I occasionally get an error when running "nixops destroy" - probably 10-20% of the times I run "nixops destroy". When the error happens, I end up with a volume that is no longer attached to any EC2 instance.

Here's the command I use:

nixops destroy -d some-deploy --confirm

And here is the console output I see:

warning: are you sure you want to destroy EC2 machine ‘machine’? (y/N) y
machine> destroying EC2 machine... [shutting-down] [shutting-down] [shutting-down] [shutting-down] Traceback (most recent call last):
  File "/nix/store/0h2c0k9mr8y5pvjd3ml30ms5rdf4kia1-nixops-1.5.1/bin/..nixops-wrapped-wrapped", line 951, in <module>
    args.op()
  File "/nix/store/0h2c0k9mr8y5pvjd3ml30ms5rdf4kia1-nixops-1.5.1/bin/..nixops-wrapped-wrapped", line 400, in op_destroy
    wipe=args.wipe)
  File "/nix/store/0h2c0k9mr8y5pvjd3ml30ms5rdf4kia1-nixops-1.5.1/lib/python2.7/site-packages/nixops/deployment.py", line 1073, in destroy_resources
    self._destroy_resources(include, exclude, wipe)
  File "/nix/store/0h2c0k9mr8y5pvjd3ml30ms5rdf4kia1-nixops-1.5.1/lib/python2.7/site-packages/nixops/deployment.py", line 1067, in _destroy_resources
    nixops.parallel.run_tasks(nr_workers=-1, tasks=self.resources.values(), worker_fun=worker)
  File "/nix/store/0h2c0k9mr8y5pvjd3ml30ms5rdf4kia1-nixops-1.5.1/lib/python2.7/site-packages/nixops/parallel.py", line 41, in thread_fun
    result_queue.put((worker_fun(t), None))
  File "/nix/store/0h2c0k9mr8y5pvjd3ml30ms5rdf4kia1-nixops-1.5.1/lib/python2.7/site-packages/nixops/deployment.py", line 1060, in worker
    if m.destroy(wipe=wipe): self.delete_resource(m)
  File "/nix/store/0h2c0k9mr8y5pvjd3ml30ms5rdf4kia1-nixops-1.5.1/lib/python2.7/site-packages/nixops/backends/ec2.py", line 1257, in destroy
    instance = self._get_instance(update=True)
  File "/nix/store/0h2c0k9mr8y5pvjd3ml30ms5rdf4kia1-nixops-1.5.1/lib/python2.7/site-packages/nixops/backends/ec2.py", line 285, in _get_instance
    assert instance_id
AssertionError
coretemp commented 6 years ago

From what I can see, self.vm_id is probably None causing the assertion to fail. The root cause of the issue is that there is no documentation for vm_id. Additionally, it appears that nixops assumes that AWS APIs return an answer every single time, which is not the case.
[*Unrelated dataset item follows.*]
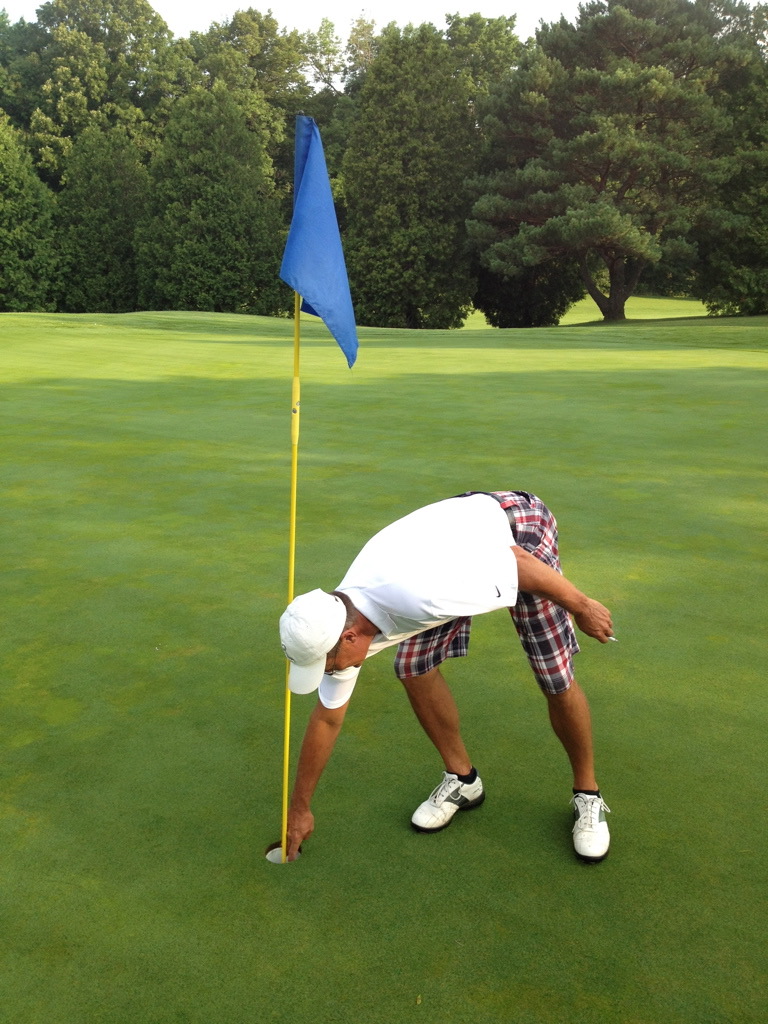 Jim Williquette pulling his ball from the cup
If the size of your nixops deployment grows towards thousands of machines, the probability of a failed deployment will go to 1.

AWS APIs are rate limited, but there is nothing in nixops that tries to cope with failure. The automation in nixops seems to be limited currently, because of its many failure modes.